[Biopython-dev] Fwd: Breaking up the code base / modular installation

Peter Cock p.j.a.cock at googlemail.com
Thu Jul 17 09:53:11 UTC 2014


Dear Biopythoneers,

To anyone in Boston last week for BOSC 2014 or its preceding
CodeFest (organised by Brad Chapman) who I missed saying
hello to - sorry.

This email is to bring up one of the things we (me, Bow Arindrarto,
Eric Talevich, and others including Laurent Gautier from rpy2,
Chris Fields from BioPerl, Pjotr Prins from BioRuby/BioGems
and briefly also Brad Chapman) talked about at the CodeFest.

** Breaking up the code base / modular installation **

Currently BioPerl is still undergoing a similar process using
the CPAN infrastructure, but this has proved complex due
to many circular interdependencies which have proved hard
to untangle.

Meanwhile BioRuby has shifted over to their BioGem setup
using the quite mature Ruby Gem packing system, leaving
BioRuby's core as a relative small stable unit of code:
http://biogems.info/

You might enjoy the video of Pjotr giving the BioRuby project
update (sadly there was no BioPerl update talk this year):
http://video.open-bio.org/video/15/bioruby-and-distributed-development

I believe Pjotr is interested in the possibility of expanding the
BioGems website to track BioPerl or Biopython modules in
the future - it was designed with the goal of highlighting the
user contributed modules with links to automated test results
etc.

Biopython has tried to balance conflicting needs with a
minimal install time dependency set (a C compiler and
NumPy under C Python, not available on Jython and PyPy)
and the inclusion of "beta" modules under an experimental
warnings system.

However, we have accumulated a growing number of soft
dependencies imported on use (e.g. ReportLab, matplotlib,
SciPy, ...) which for many platforms (e.g. Linux) it would be
nice to have installable automatically (even if this is harder
on Windows).

During the CodeFest, Bow was able to try out a couple of
experiments using the Test Python Package Index (test PyPI,
https://wiki.python.org/moin/TestPyPI ) for a potential division
of the Biopython "monolith" into a set of inter-dependent
modules.

i.e. A proof-of-principle shared namespace is feasible within
the PyPI system.

(Bow was also trying alternative namespaces, and while
that and a version bump might be appropriate if we go this
route, we could equally stick with the Bio.* namespace for
now.)

The state of Python packaging and best practises remains
a little murky, with competing efforts serving different design
goals. This has put me off attempting to breakup the Biopython
codebase before. However, with Python 3.4 it seems PIP is
going to be the future standard we should target?:
https://docs.python.org/3.4/installing/index.html

Note that there is some precedent in how some Linux distributions
package Biopython now - e.g. Debian splits off our BioSQL
wrappers from the main Bio.* modules. That would be one
natural split I would expect to see as a unit under these
proposals (Biopython's BioSQL module as a separate unit).
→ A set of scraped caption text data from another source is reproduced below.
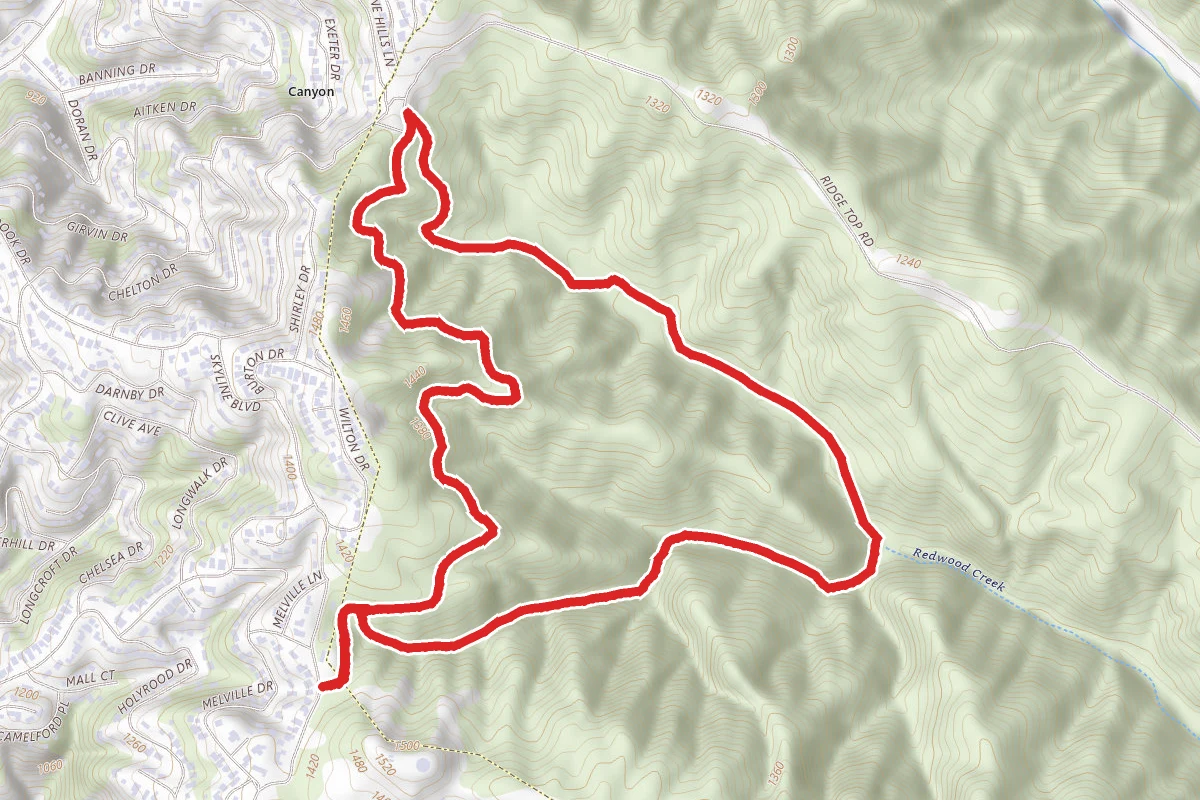 Tres Sendas to Stream Trail Loop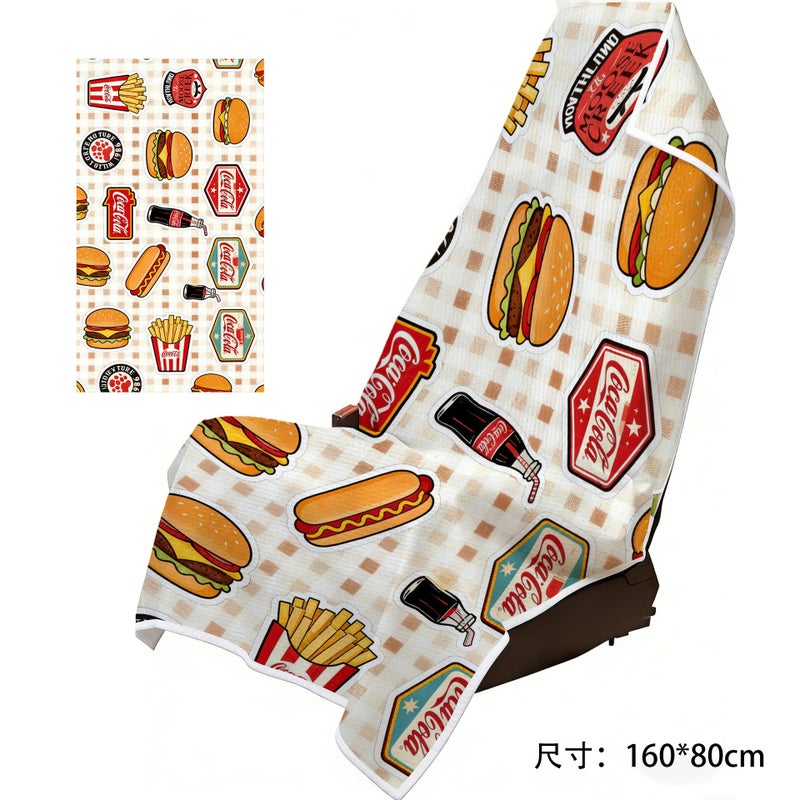 Cross-Border Foreign Trade New Model Car Seat Cover Two-In-One Beach Towel, Absorbent, Warm, Soft, Large Bath Towel for Beach and  Swimming - Image 1
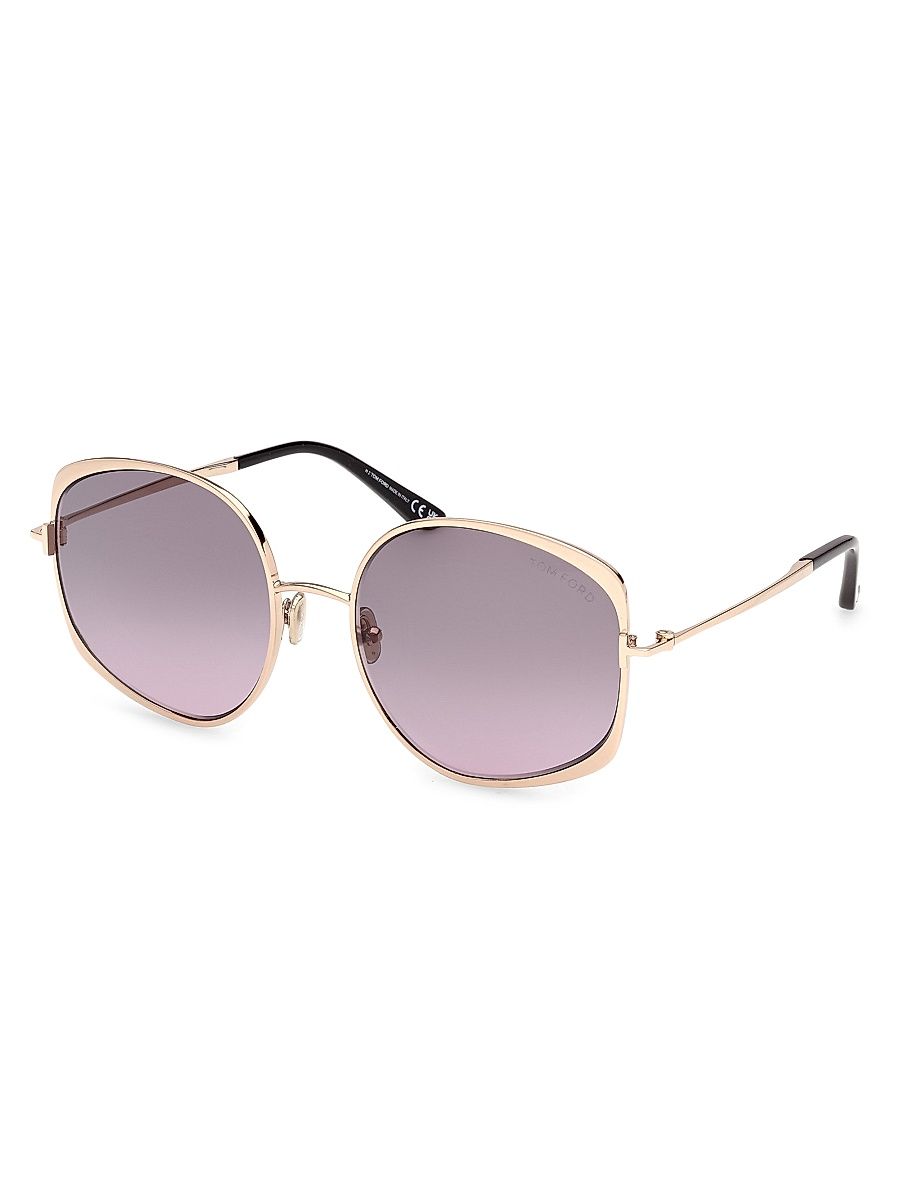 Women's Abbey 58MM Geometric Sunglasses - Gold Purple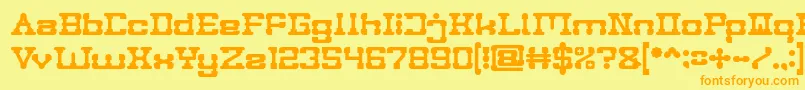 Police POST ROCK Bold – polices orange sur fond jaune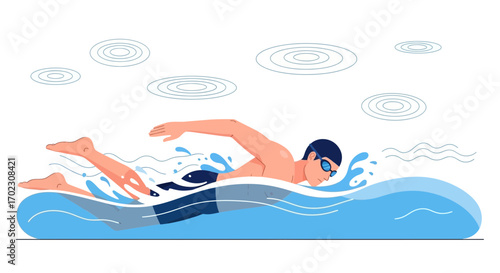 Man Swimming Freestyle In Clear Water Surrounded By Artistic Waves And Circles Illustration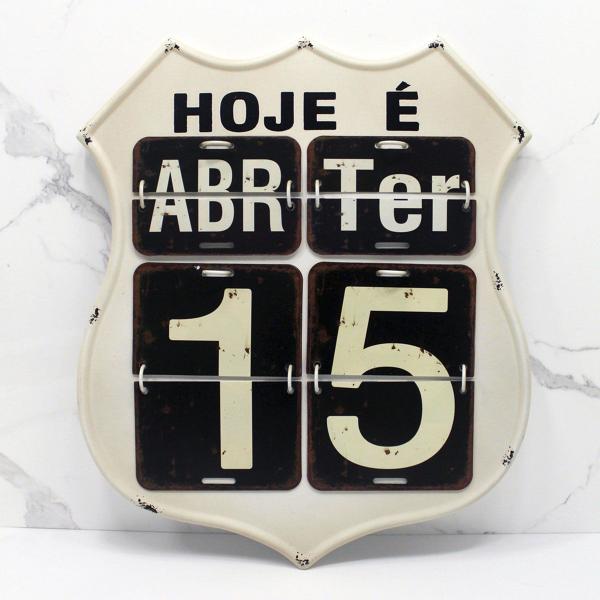 Imagem de Calendário Americano Route Em Metal Vintage Flip Branco 40cm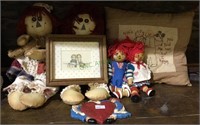 Raggedy Ann and Andy decorative lot includes a
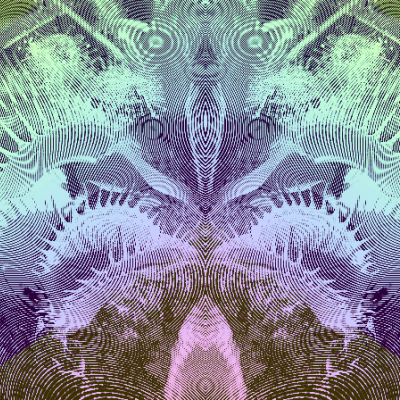 Jittery, staticky, mirror-image of a swarm of venus flytrap plants.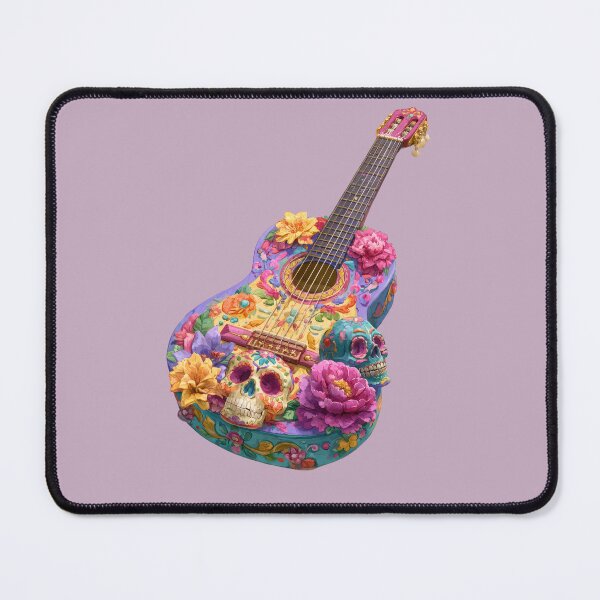 Item preview, Dia de Muertos Floral Guitar | Mexican Sugar Skull Art designed and sold by MythicMood.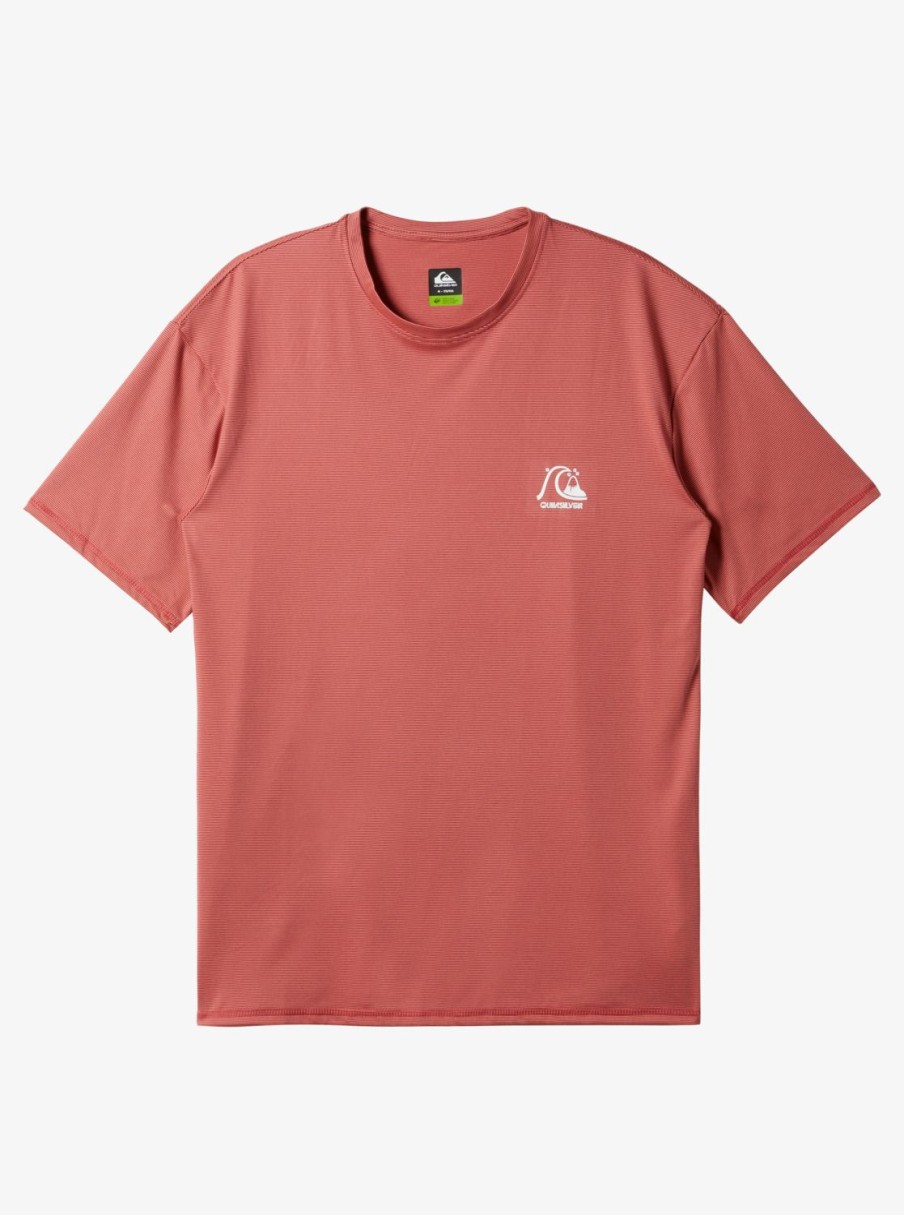 Mens Quiksilver Rashguards | Heritage Heather Short Sleeve Upf 50 Surf T-Shirt Mineral Red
Note that for any modularisation plan I would want us to
continue to have a "standard set" of module equivalent to
the current Biopython which can easily be installed in one go,
especially under Windows where a single Windows Installer
is highly desirable.

GitHub is perhaps not the best place for an open debate, so
let's try to continue this discussion here on the mailing list.

Have a read of https://github.com/biopython/biopython/issues/349
and then post back here please.

Let's be clear this will be a lot of work, but on the other hand
the status quo is causing some people frustration.